Task statement: Copy exactly the lines of the material below that run from the one containing "겨울 꽃 세인트폴리아" through the one containing "Los Elegantes De". Copy no other lines.

Source information:
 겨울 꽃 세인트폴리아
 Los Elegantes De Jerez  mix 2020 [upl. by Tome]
==
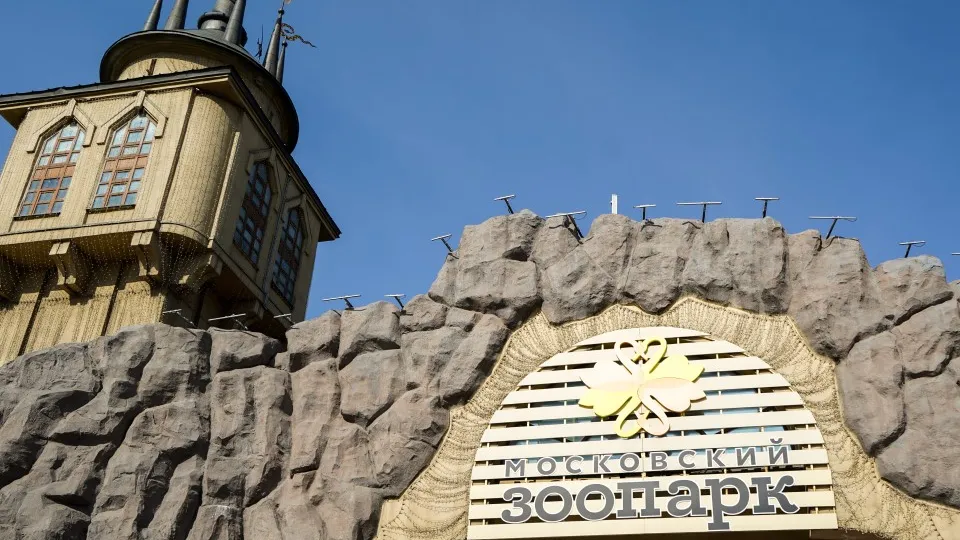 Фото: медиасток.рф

Response to this task:
 겨울 꽃 세인트폴리아
 Los Elegantes De Jerez  mix 2020 [upl. by Tome]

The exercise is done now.